> Your assignment:
Write out, word for word and with no pictures, each line below from the one containing "SC 29631, USA" through the one containing "PILOTO TRASERO IZQUIERDO", both included, and no other line.

> Material for the task:
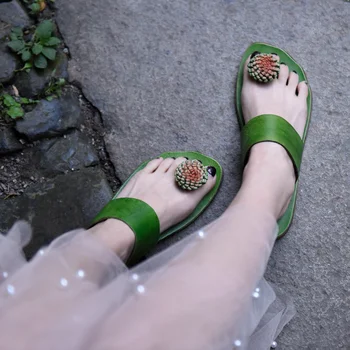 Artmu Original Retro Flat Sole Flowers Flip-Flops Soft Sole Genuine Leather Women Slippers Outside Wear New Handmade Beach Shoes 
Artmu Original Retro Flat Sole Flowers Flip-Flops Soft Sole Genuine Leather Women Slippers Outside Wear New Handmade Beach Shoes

* * *

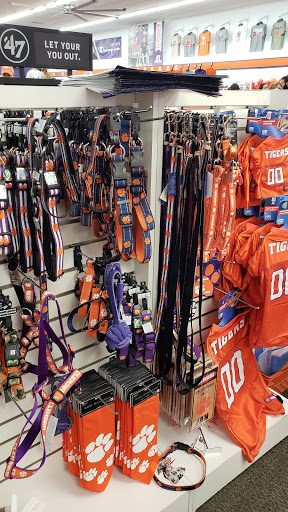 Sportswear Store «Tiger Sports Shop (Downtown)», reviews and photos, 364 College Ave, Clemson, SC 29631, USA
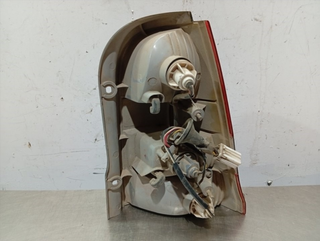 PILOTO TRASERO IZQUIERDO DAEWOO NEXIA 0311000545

> Exercise result:
 Sportswear Store «Tiger Sports Shop (Downtown)», reviews and photos, 364 College Ave, Clemson, SC 29631, USA
 PILOTO TRASERO IZQUIERDO DAEWOO NEXIA 0311000545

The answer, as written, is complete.